The property inspector (right pane when a property is selected) shows a “Source Page Types” multi-select under a “Missing-Page Handling” header. The dropdown is populated from the page-type names declared on the parent class — so you cannot reference a page-type that doesn’t exist.

When no page types are declared on the parent class, the property-level widget is hidden so the inspector stays uncluttered.

What the LLM sees

Once the resolver runs, the per-page text passed to the extraction prompt is annotated with the resolved page type. Compare:

--- PAGE 1 ---
Account Holder: ...

--- PAGE 2 ---
Date  | Description ...

with the annotated form:

--- PAGE 1 [AccountSummary] ---
Account Holder: ...

--- PAGE 2 [TransactionsWorksheet] ---
Date  | Description ...

The annotation is a soft hint — it can help the LLM scope its attention to the correct page when extracting. The actual enforcement of MISSING semantics happens after the LLM responds, in the post-processing pass.

What appears in the output JSON

When the feature is enabled and the class declares page types, the section’s result.json gains two new sibling keys to inference_result:

{
  "document_class": {"type": "BankStatement"},
  "inference_result": {
    "AccountHolderAddress": { ... }
  },
  "page_type_resolution": {
    "declared": true,
    "present_page_types": ["AccountSummary"],
    "missing_page_types": ["TransactionsWorksheet", "InternationalTransfers"],
    "page_id_to_page_type": {"1": "AccountSummary"}
  },
  "missing_fields_report": [
    {
      "field": "Transactions",
      "reason": "page types not present",
      "expected_page_types": ["TransactionsWorksheet"]
    },
    {
      "field": "InternationalTransfers",
      "reason": "page types not present",
      "expected_page_types": ["InternationalTransfers"]
    }
  ]
}

When representation: null_with_metadata is set, an additional missing_fields array lists the affected field names for downstream consumers that prefer a flat list.

Edge cases and tuning

Partial presence is BLANK. If a property declares multiple source page-types and any of them are detected, the field is treated as BLANK (left as-is), not MISSING. The intent is conservative — only mark MISSING when no declared source page is present.
First-match-wins per page. Page-type entries are evaluated in declaration order. Place more specific patterns before more general ones.
Malformed regex is skipped. A bad regex on one page-type entry is logged as a warning and ignored; other entries continue to work.
Properties without x-aws-idp-source-page-types are never affected by this feature, regardless of whether the feature is enabled.
Nested properties. v1 supports top-level properties only.

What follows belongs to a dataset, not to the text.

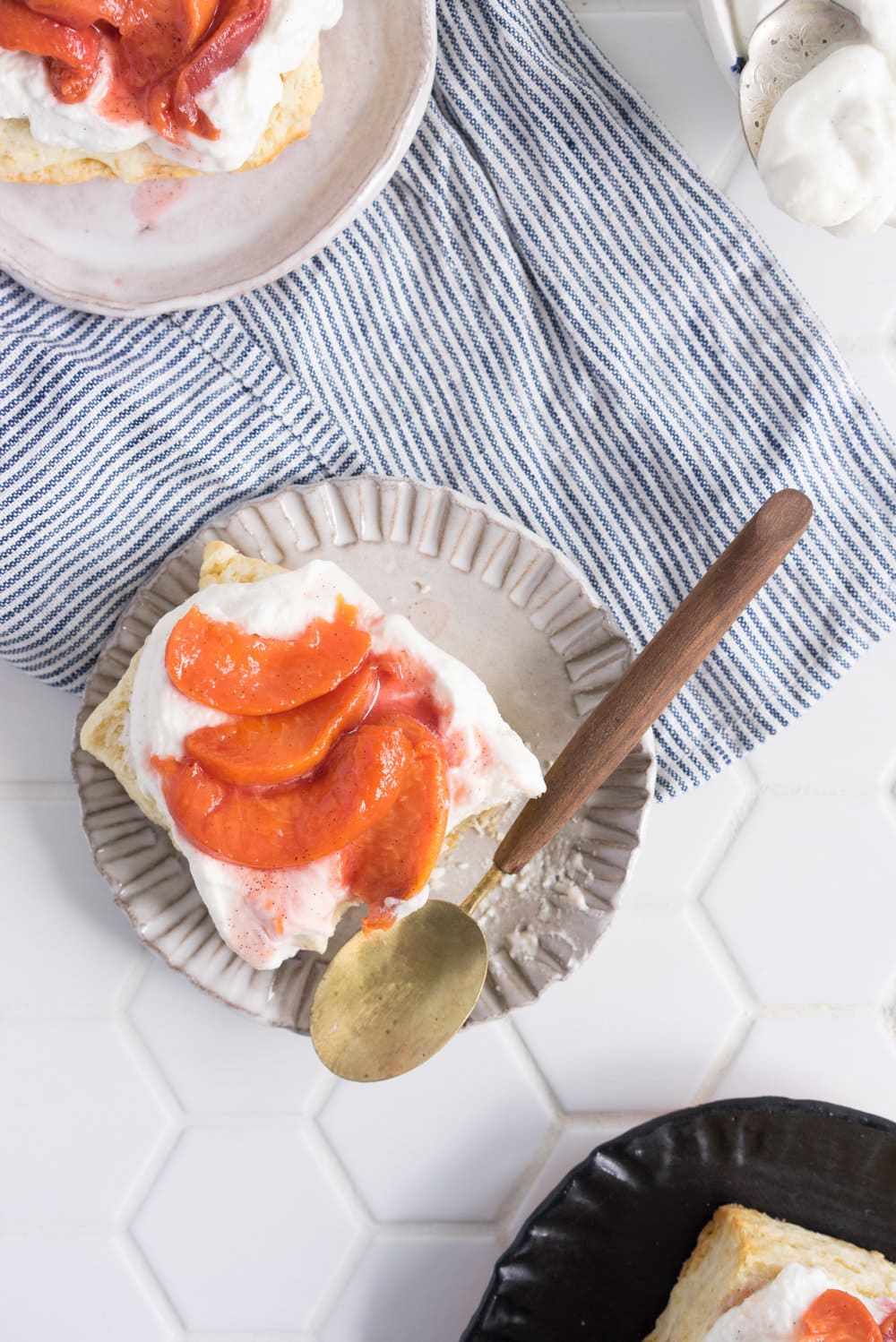 Scones with Roasted Peaches and Vanilla Bean Whipped Cream - the perfect summer morning or afternoon tea treat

To mark nested fields as missing, declare the annotation on the containing object/array property at the top level.
BDA mode. This feature is Pipeline-mode-only. BDA owns extraction end-to-end and would need separate design work to support page-level absence semantics.
Detection cost. Detection is a deterministic regex pass over per-page OCR text — no extra LLM calls, no measurable runtime overhead.

Backwards compatibility

The feature is fully additive. With extraction.missing_field_handling.enabled: false (the default) or with no x-aws-idp-page-types declared on the class, behavior is byte-for-byte identical to earlier releases.